La genesi del lavoro risale a molto tempo prima: l'amico e sceneggiatore di Scorsese, Jay Cocks, gli regalò il romanzo di Wharton nel 1980, suggerendo che questo avrebbe dovuto essere il pezzo romantico che Scorsese avrebbe dovuto filmare, poiché Cocks riteneva che rappresentasse al meglio la sua sensibilità. La sequenza dei titoli del film è stata creata da Elaine e Saul Bass. Lo stesso Bass notò che i titoli erano altamente ambigui e metaforici, ed erano il risultato della sua passione per la fotografia time-lapse. La sinfonia visiva delle sequenze di rose in fiore e pizzi doveva trasmettere la sensualità sommersa e i codici nascosti dell'epoca.[14] I famosi dipinti presenti nel film erano riproduzioni di alta qualità di nuova creazione. Le esplosioni di colore utilizzate come dissolvenza in chiusura sono state ispirate dai film: "Black Narcissus" (1947), di Michael Powell, e "Rear Window" (1954), di Alfred Hitchcock. 

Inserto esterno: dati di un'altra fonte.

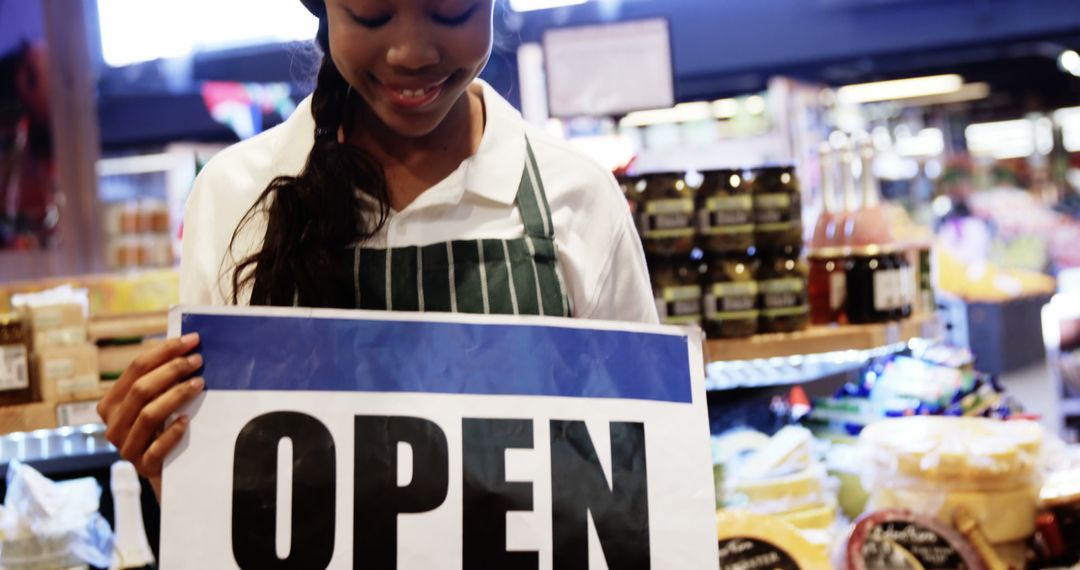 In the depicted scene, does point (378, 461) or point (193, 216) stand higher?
point (193, 216)

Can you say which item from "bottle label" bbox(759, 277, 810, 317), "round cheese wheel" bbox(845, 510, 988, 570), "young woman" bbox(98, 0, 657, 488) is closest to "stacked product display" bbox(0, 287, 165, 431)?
"young woman" bbox(98, 0, 657, 488)

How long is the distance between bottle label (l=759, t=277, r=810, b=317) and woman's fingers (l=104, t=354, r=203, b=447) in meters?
1.45

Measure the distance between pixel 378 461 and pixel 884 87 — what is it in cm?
998

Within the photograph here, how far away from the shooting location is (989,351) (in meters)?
5.06

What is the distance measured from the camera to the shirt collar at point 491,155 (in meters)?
1.21

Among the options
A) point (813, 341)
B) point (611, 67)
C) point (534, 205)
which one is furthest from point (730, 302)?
point (611, 67)

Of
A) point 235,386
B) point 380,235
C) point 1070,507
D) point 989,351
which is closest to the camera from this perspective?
point 235,386

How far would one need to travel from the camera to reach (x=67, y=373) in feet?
6.61

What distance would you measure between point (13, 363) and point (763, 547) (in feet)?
4.71

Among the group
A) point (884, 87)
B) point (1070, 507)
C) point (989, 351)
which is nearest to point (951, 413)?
point (1070, 507)

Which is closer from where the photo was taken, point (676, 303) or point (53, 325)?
point (53, 325)

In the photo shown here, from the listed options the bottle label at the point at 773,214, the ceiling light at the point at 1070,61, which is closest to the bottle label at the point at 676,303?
the bottle label at the point at 773,214

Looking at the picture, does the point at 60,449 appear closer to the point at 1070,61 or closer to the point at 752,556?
the point at 752,556

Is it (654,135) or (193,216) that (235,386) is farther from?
(654,135) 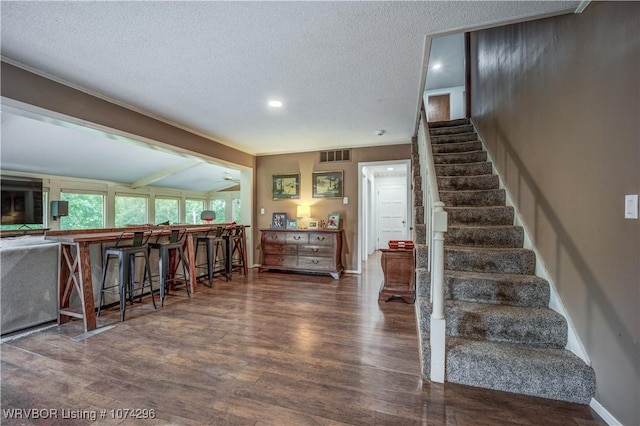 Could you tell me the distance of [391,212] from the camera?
8.13 meters

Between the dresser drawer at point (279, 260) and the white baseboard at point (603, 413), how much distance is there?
400cm

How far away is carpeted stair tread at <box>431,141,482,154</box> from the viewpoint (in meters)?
3.86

“L'età dell'innocenza” è un film da confrontare con i drammi in costume dell'epoca d'oro di Hollywood, come “L'ereditiera” di Wyler (basato su Henry James) o “I magnifici Amberson” di Welles, o con qualcosa dei maestri europei: come “Il Gattopardo” di Luchino Visconti. Splendidamente ricco, fluido, visivamente mozzafiato e squisitamente raffinato, l'adattamento di Martin Scorsese (con lo sceneggiatore Jay Cocks) del romanzo del 1920 di Edith Wharton è al suo trentesimo anniversario ed è ancora più magnifico che mai. Una tragedia di costume ambientata nella Belle Époque della società newyorkese degli anni '70 dell'Ottocento, un'epoca non di innocenza, ma di colpevolezza nascosta. Non è certamente lo stesso contesto della mafia italoamericana tante volte descritta nelle pellicole di Scorsese, tuttavia in comune hanno la caratteristica di essere mondi chiusi ed autoreferenziali, guidati da codici ben precisi e da rispettare per non incorrere in una morte sociale o emarginati dalle stesse famiglie di appartenenza. Quindi il film mostra Un'anima divisa in due fra: la passione per Olenska e la sicurezza sociale di May. Scorsese dirige uno dei suoi migliori film a livello visivo dal gusto classico. Tutto il comparto tecnico raggiunge livelli di eccellenza altissimi e nonostante questo la pellicola non è soltanto una bellissima confezione (pecca di cui sofforno tutti i film diretti da mestieranti del genere), ma possiede il cuore pulsante dei suoi personaggi attraverso recitazioni misuratissime che rendono perfettamente l'idea dei sentimenti e delle emozioni che si nascondono dietro parole o sguardi. il formalismo e le convenzioni sociali che soffocano e schiacciano i sentimenti sono gli stessi, visti dalla parte della nobiltà piuttosto che da quella della servitù (che qui non "esiste"). Si parla di bivi, di scelte, di condizionamenti, di rimpianti, sul non vissuto; il discorso di fondo è astraibile dal contesto e senza tempo.


Questa sua atipicità nella filmografia di Scorsese, agli antipodi dei suoi soliti canoni narrativi, potrebbe sin da subito farlo rientrare tra i vostri preferiti. Dall'eleganza formale incredibile: le scenografie di Dante Ferretti, i costumi di Gabriella Pescucci, le musiche di Elmer Bernstein (unite ai classici di Strauss), il montaggio di Thelma Schoonmaker, la fotografia di Michael Ballhaus (che ricrea quadri visivi dell’epoca, in particolare la scena del faro) e tutto si concatena con la regia, non un solo tassello che non sia perfetto a livello tecnico. Portandoci nel 1870 con una narrazione dallo stampo moderno, le focalizzazioni che sfruttano la luce sui due protagonisti che parlano o la scelta di far parlare in prima persona davanti alla cinepresa i personaggi che scrivono le lettere, invece che mostrarci la lettura di quest'ultime in modo classico e poi i bellissimi pianosequenza tipici del cineasta applicati al film in costume. La storia è facile da seguire e ci fa entrare in una grande immedesimazione coi protagonisti, facendoci capire alla perfezione il punto di vista di ognuno di loro, anche grazie alle straordinarie interpretazioni di Daniel Day-Lewis e di Michelle Pfeiffer che sono letteralmente in stato di grazia, un po’ meno Winona Ryder che è quasi messa al margine dall’alchimia citata dei precedenti attori.